┌─ Dataset records

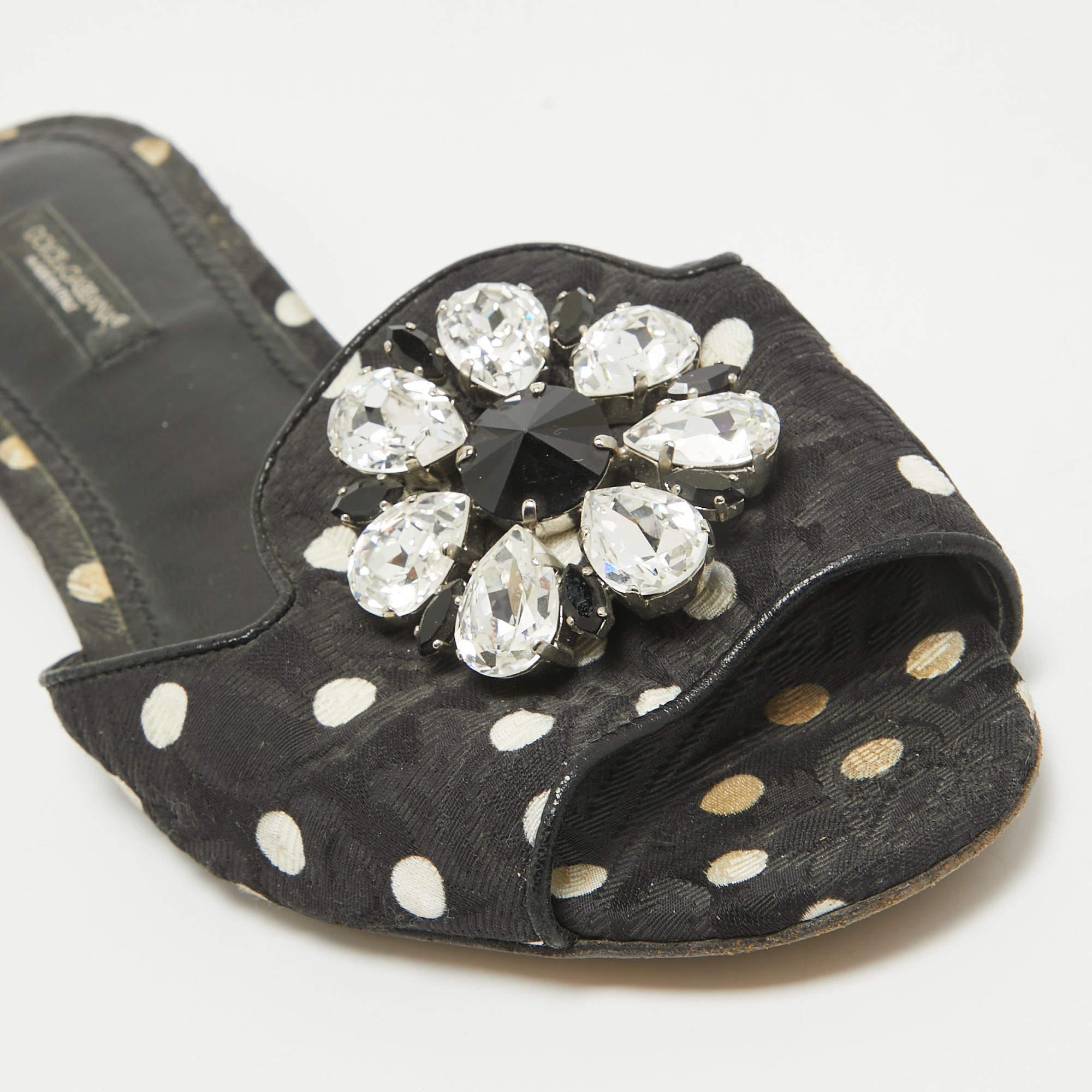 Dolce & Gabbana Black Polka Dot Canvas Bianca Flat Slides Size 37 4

└─
┌─ Dataset records

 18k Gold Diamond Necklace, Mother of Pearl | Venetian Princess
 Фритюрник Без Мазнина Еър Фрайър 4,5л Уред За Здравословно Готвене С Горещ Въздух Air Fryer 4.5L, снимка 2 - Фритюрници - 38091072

└─

## [Exercise instructions]
Your answer should consist solely of the lines above from the line with "18k Gold Diamond" to the line with "Фритюрник Без Мазнина", both included, reproduced exactly.

## [Task response]
 18k Gold Diamond Necklace, Mother of Pearl | Venetian Princess
 Фритюрник Без Мазнина Еър Фрайър 4,5л Уред За Здравословно Готвене С Горещ Въздух Air Fryer 4.5L, снимка 2 - Фритюрници - 38091072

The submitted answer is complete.